= TASK REQUIREMENTS =
Please reproduce the lines of the records below from the one holding "House of CB" through the one holding "Flo Set 12 accesorii", inclusive, skipping all pictures.

= PROVIDED INFORMATION =
══════
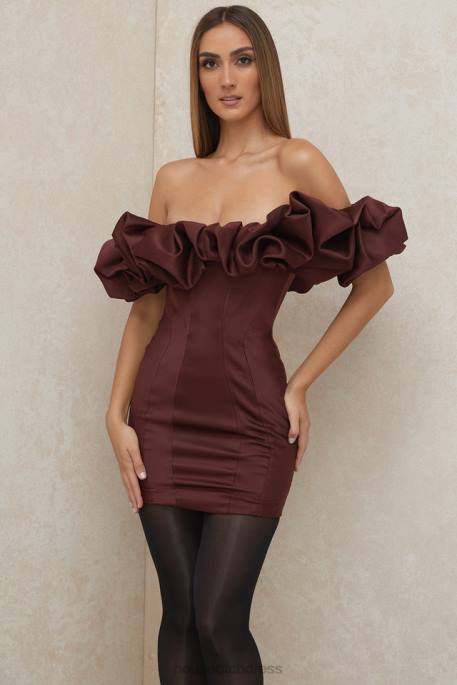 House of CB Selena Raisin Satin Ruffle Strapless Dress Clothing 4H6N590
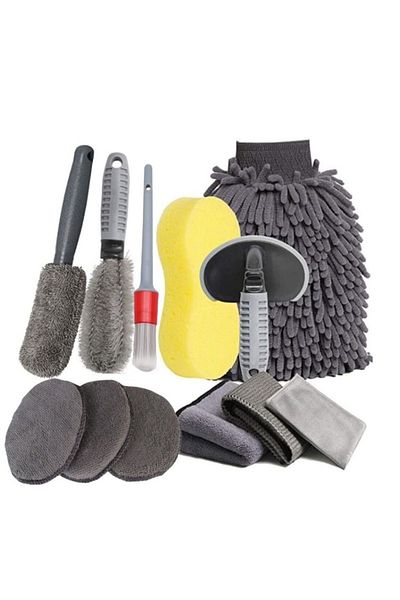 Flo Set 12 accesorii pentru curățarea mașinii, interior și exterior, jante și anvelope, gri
══════
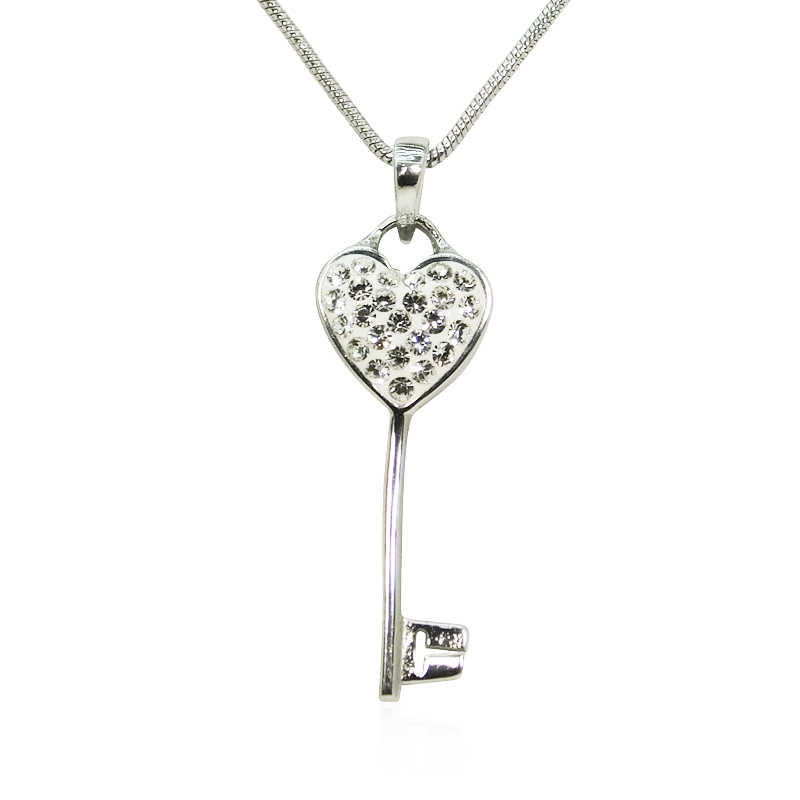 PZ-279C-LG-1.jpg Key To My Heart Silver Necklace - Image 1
══════
= SOLUTION TO THIS TASK =
 House of CB Selena Raisin Satin Ruffle Strapless Dress Clothing 4H6N590
 Flo Set 12 accesorii pentru curățarea mașinii, interior și exterior, jante și anvelope, gri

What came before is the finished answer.